Y despiertan en los más pobres, entre los que reclutan sus sicarios, la esperanza de enriquecerse de la noche a la mañana, o de mejorar sus vidas, oportunidad que sólo ellos pueden depararles; así entran en la leyenda popular, en los corridos donde se cantan sus hazañas, en las telenovelas y, por qué no, en las novelas, algunas convertidas a telenovelas, como La reina del sur, de Arturo Pérez Reverte. Porque la novela de narcos para eso está, para contar todo lo que el narcotráfico tiene que ver con el poder y con la muerte, la corrupción de las autoridades y su impotencia, el sometimiento y el envilecimiento, la compra de voluntades y complicidades, y trata de hablar desde las entrañas de los cárteles, allí donde las fronteras entre el bien y el mal dejan de existir.
No todos los fenómenos sociales son contemporáneos a la literatura que se ocupa de ellos. Pueden pasar décadas antes de que empiece a escribirse sobre una dictadura o una guerra civil, como ha ocurrido en España con la caída de la república y el advenimiento del franquismo. Pero la literatura sobre el narcotráfico sí lo es. Ha crecido como espuma sanguinolenta y hoy en día, en México, florece mejor en las tierras del norte, donde señorean los capos, desde Sinaloa a Chihuahua, a Coahuila.
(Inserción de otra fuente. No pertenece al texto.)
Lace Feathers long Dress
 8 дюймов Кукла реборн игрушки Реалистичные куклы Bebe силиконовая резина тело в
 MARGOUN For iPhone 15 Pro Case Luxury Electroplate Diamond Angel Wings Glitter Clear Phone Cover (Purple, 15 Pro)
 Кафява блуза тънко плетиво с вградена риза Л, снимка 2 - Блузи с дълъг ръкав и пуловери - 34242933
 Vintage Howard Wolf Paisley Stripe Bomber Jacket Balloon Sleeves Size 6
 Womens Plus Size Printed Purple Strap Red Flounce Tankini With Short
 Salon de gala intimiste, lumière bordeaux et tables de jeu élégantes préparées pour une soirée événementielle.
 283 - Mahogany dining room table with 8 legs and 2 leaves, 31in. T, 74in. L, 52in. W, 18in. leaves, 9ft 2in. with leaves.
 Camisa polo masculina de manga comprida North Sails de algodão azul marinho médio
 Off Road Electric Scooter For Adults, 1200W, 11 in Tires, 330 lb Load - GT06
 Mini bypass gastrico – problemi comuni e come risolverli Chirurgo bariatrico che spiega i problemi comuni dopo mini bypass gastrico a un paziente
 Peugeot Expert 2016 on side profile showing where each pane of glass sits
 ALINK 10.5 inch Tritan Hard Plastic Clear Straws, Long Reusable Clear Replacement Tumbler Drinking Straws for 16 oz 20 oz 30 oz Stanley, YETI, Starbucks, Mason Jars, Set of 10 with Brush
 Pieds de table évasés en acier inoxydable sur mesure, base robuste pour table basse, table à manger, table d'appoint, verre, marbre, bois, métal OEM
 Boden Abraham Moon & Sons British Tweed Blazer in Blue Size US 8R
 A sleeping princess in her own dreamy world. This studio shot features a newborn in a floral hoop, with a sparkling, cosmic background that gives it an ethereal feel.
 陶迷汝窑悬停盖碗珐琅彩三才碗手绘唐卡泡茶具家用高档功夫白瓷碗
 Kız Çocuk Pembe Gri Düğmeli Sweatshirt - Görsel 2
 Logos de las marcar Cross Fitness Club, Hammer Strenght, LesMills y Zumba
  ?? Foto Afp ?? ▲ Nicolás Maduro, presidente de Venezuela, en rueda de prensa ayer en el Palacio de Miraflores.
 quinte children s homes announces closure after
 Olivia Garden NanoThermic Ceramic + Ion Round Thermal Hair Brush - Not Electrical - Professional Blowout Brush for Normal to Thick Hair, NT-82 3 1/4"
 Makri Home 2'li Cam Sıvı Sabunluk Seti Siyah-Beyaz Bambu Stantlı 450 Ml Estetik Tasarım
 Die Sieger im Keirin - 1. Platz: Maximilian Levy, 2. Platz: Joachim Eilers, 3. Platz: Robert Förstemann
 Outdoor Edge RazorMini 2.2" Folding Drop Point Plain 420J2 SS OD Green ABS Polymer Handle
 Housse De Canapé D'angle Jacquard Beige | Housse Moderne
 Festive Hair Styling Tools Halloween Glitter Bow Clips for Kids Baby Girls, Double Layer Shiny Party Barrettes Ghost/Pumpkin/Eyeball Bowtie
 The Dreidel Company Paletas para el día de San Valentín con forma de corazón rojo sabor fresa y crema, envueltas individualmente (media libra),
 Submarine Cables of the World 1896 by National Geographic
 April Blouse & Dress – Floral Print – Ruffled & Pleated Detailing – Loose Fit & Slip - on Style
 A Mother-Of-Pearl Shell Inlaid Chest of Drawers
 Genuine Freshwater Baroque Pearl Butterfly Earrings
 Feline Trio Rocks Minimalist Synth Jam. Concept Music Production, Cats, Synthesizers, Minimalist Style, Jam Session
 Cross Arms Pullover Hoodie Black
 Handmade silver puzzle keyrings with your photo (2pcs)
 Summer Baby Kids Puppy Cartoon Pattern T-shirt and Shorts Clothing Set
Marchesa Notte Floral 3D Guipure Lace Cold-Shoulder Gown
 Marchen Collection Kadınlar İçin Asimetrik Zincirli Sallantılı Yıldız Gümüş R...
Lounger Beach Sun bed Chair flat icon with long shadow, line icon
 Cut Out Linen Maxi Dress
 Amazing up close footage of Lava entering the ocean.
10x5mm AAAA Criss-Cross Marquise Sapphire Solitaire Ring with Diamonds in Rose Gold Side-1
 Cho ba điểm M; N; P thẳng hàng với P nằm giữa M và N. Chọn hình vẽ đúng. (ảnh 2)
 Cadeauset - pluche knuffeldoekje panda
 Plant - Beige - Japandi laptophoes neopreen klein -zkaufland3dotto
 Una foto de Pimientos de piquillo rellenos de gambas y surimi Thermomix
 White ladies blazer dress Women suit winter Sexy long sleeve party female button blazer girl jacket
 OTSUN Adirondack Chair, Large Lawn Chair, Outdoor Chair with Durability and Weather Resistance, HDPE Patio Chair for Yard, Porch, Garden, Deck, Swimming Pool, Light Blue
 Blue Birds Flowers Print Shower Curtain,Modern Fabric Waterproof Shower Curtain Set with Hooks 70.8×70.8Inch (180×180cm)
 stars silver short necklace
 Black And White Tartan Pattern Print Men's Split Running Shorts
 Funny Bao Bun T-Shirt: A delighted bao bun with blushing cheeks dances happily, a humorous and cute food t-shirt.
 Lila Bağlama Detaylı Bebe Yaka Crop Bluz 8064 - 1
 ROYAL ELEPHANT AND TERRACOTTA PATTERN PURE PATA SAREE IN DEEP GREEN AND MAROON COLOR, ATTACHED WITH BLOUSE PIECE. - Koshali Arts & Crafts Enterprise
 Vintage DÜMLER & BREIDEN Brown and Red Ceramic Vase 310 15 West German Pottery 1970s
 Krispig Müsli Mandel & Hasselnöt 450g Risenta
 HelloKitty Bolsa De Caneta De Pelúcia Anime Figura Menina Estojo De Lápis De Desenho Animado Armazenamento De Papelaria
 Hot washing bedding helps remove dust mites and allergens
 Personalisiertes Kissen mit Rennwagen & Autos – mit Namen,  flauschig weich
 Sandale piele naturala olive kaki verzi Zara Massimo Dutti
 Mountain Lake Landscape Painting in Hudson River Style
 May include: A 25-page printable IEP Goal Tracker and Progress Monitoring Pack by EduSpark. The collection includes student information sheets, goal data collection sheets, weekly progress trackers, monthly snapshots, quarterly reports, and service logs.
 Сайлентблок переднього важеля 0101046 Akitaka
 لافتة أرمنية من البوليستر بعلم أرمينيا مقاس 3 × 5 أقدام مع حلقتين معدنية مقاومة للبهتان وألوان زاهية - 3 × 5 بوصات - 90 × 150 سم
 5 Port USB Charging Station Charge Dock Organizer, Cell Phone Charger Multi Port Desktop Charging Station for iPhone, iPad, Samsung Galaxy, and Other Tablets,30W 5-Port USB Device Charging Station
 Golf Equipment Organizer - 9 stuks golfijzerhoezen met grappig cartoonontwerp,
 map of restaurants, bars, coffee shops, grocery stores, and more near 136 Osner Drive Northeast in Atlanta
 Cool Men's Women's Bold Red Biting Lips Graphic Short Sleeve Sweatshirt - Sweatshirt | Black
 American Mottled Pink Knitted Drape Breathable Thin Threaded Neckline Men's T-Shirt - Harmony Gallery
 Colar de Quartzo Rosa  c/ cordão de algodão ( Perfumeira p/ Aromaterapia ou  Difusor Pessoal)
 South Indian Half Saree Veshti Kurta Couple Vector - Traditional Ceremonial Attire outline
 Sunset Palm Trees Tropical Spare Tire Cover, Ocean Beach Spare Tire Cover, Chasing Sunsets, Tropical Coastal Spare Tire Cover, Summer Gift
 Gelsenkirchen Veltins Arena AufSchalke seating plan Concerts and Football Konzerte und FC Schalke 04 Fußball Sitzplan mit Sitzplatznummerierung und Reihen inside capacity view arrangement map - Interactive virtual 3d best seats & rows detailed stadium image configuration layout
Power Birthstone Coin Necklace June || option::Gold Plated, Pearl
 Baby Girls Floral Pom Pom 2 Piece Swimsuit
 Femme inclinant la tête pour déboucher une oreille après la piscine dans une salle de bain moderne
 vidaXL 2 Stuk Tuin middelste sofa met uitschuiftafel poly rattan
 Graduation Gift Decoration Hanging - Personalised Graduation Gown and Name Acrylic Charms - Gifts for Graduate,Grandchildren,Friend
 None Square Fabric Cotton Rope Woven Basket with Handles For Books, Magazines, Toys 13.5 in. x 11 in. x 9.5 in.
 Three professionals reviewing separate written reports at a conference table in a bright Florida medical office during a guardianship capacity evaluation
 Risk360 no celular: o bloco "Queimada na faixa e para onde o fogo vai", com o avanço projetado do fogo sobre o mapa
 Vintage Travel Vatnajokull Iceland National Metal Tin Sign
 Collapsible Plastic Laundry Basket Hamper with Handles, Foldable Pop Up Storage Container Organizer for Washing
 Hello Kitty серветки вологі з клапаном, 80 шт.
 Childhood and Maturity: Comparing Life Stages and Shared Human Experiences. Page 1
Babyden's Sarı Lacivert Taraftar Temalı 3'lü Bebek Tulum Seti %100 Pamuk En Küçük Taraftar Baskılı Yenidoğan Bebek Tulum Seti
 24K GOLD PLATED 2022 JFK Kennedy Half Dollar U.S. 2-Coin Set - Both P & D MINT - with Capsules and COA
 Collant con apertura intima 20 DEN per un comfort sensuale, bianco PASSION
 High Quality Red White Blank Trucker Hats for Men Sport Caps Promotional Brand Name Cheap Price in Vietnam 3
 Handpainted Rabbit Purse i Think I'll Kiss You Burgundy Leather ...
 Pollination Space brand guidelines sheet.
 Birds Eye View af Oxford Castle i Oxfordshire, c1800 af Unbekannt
Es por eso que hablaba antes de Elmer Mendoza, quien ha convertido a Culiacán en el escenario de acción del certero personaje de sus novelas, el zurdo Mendieta, un policía melancólico que se ocupa poco de la ética porque no le ayuda a sobrevivir, metido en una selva de corrupción y de crimen, y viene a resultar en el habitante de dos mundos, el de la indefensa ley que representa, y el de la maraña delictiva de los traficantes, valiéndose a veces del auxilio de los narcos para resolver sus casos. Pero Elmer no ha encontrado solamente un personaje duradero para su zaga de novelas Balas de plata, La prueba del ácido y Nombre de perro, entre otras, sino también un lenguaje cortante, perspicaz, ingenioso y económico porque no tiene desperdicio, un lenguaje que destila humor negro, implacable, y que no deja nunca de ser atractivo porque sublima el habla popular, que es la de los narcos y policías.
Nos encontramos la última vez en Medellín, y mientras desayunábamos en el hotel con Óscar Collazos, sonó en la distancia el estallido de unos cohetes. Fiesta de un santo patrono, dije yo. No, han coronado, dice Óscar. Cuando un embarque de droga logra llegar a su destino en Estados Unidos, es que los narcos han coronado, y suenan los cohetes celebrándolo. Hay que apuntarlo, me digo. Cosas así van a dar siempre a las novelas.